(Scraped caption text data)
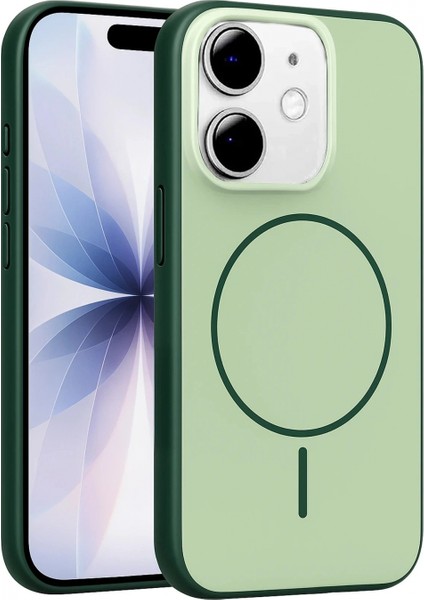 Apple iPhone 11 Neva Magsafe Kapak - Koyu Yeşil
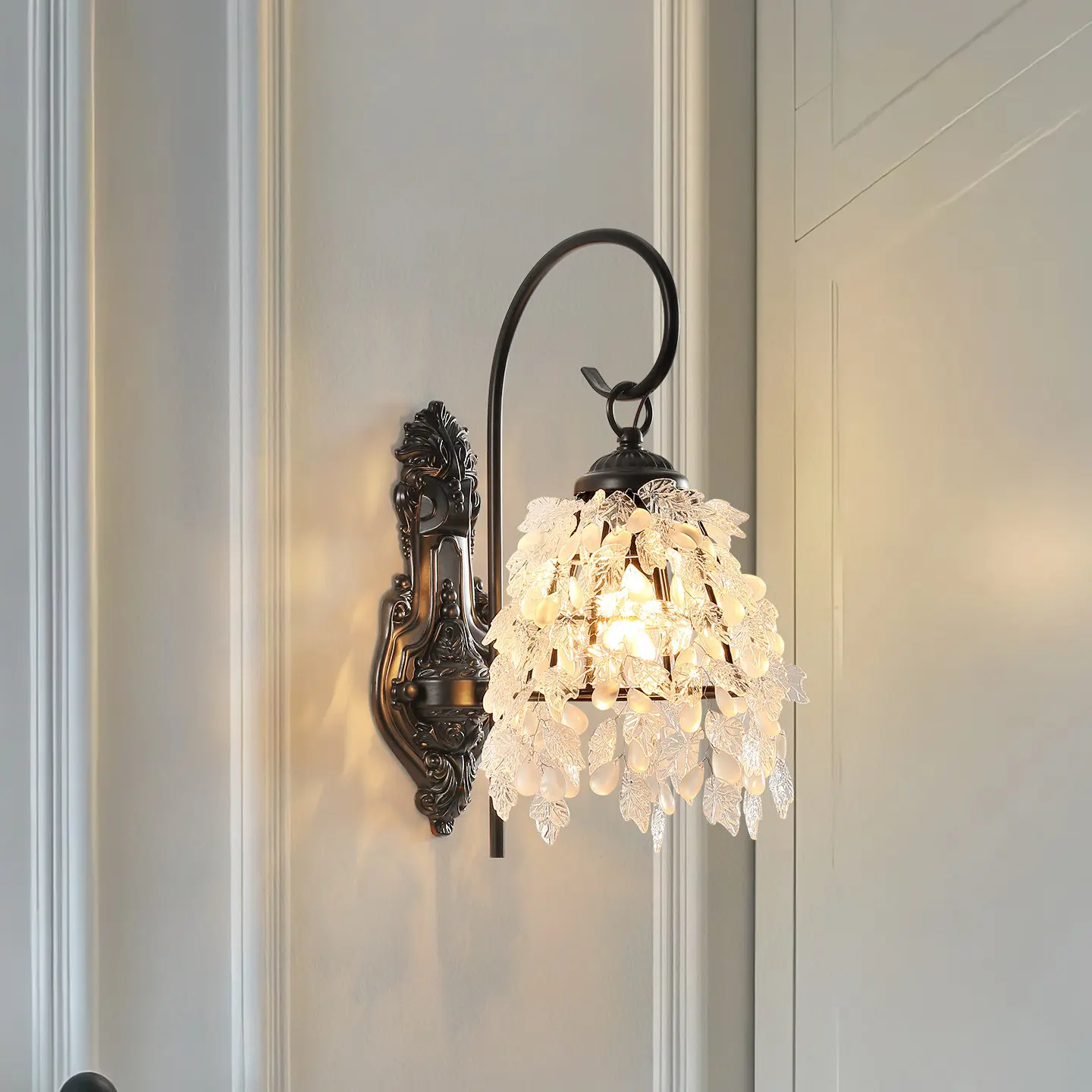 Vintage Glass Leaf Wall Sconce Matte Black Curved Arm Wall Light Bedside Corridor Indoor Decor Crystal Wall Lamp Fixture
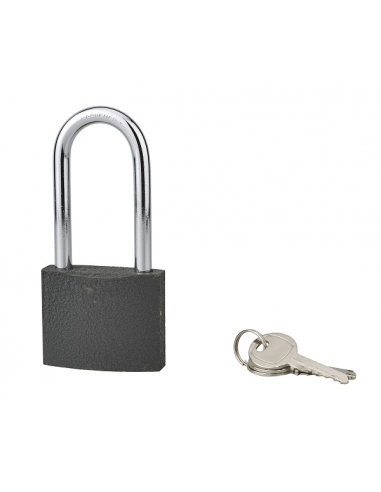 Lucchetto ACERA grigio 60 mm con arco alto 79 mm in acciaio temprato, 3 chiavi – SERRUPRIX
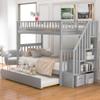 Acosure Twin-Over-Twin Bunk Bed with Trundle,Guardrail and 4 Storage Shelves,Wood Bunk-Bed W/Planked Panel Headboards & Footboards,Bedroom Furniture for Children,Teens,Adults,Gray view 1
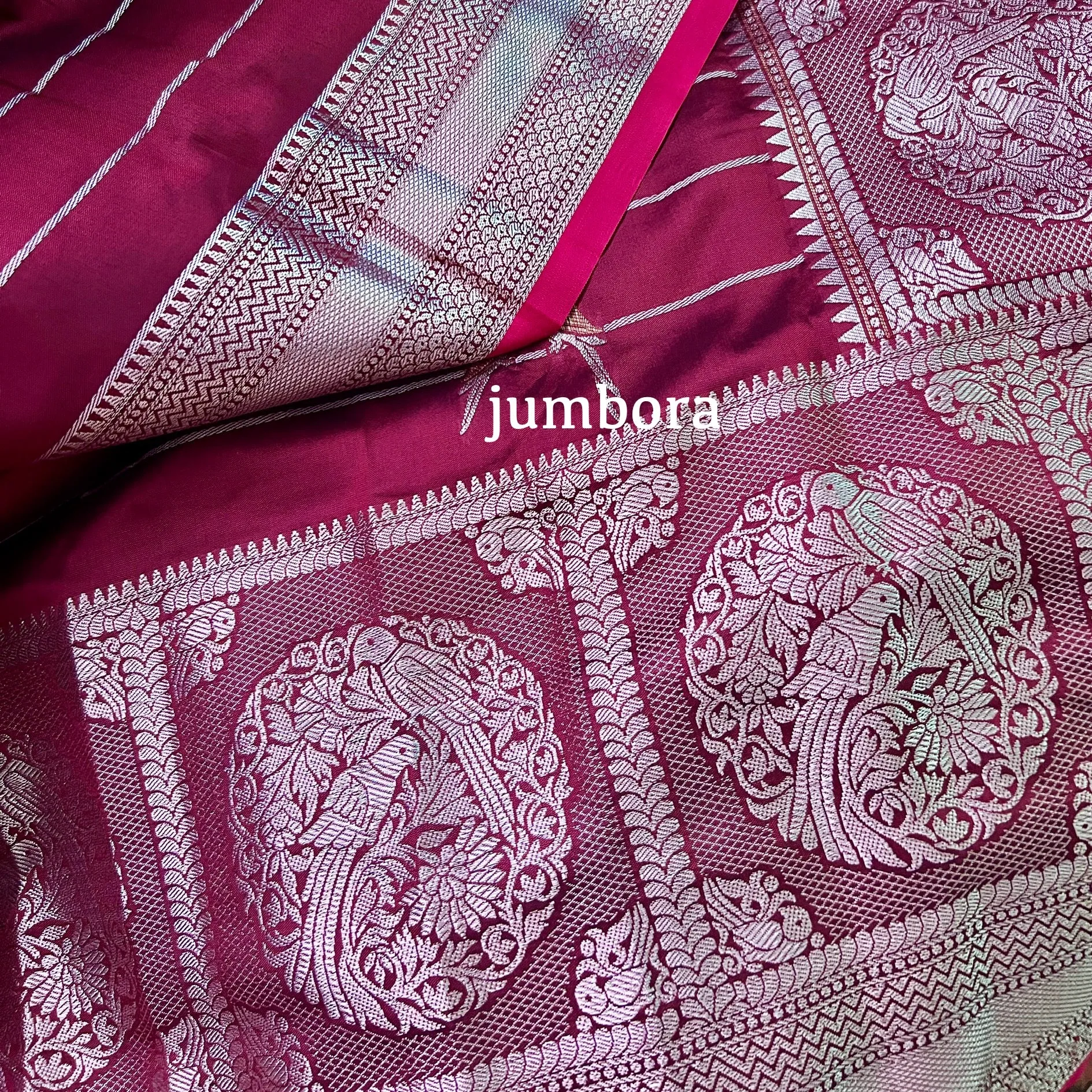 Maroon Banarasi Tanchoi Silk Saree with Stitched Blouse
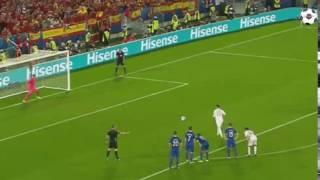 Sergio ramos miss penalty vs Subasic  Spain vs Croatia  2162016 Euro 2016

▸ YOUR GOAL: Output all data exactly, omitting images.

▸ EXERCISE OUTPUT:
 Apple iPhone 11 Neva Magsafe Kapak - Koyu Yeşil
 Vintage Glass Leaf Wall Sconce Matte Black Curved Arm Wall Light Bedside Corridor Indoor Decor Crystal Wall Lamp Fixture
 Lucchetto ACERA grigio 60 mm con arco alto 79 mm in acciaio temprato, 3 chiavi – SERRUPRIX
 Acosure Twin-Over-Twin Bunk Bed with Trundle,Guardrail and 4 Storage Shelves,Wood Bunk-Bed W/Planked Panel Headboards & Footboards,Bedroom Furniture for Children,Teens,Adults,Gray view 1
 Maroon Banarasi Tanchoi Silk Saree with Stitched Blouse
 Sergio ramos miss penalty vs Subasic  Spain vs Croatia  2162016 Euro 2016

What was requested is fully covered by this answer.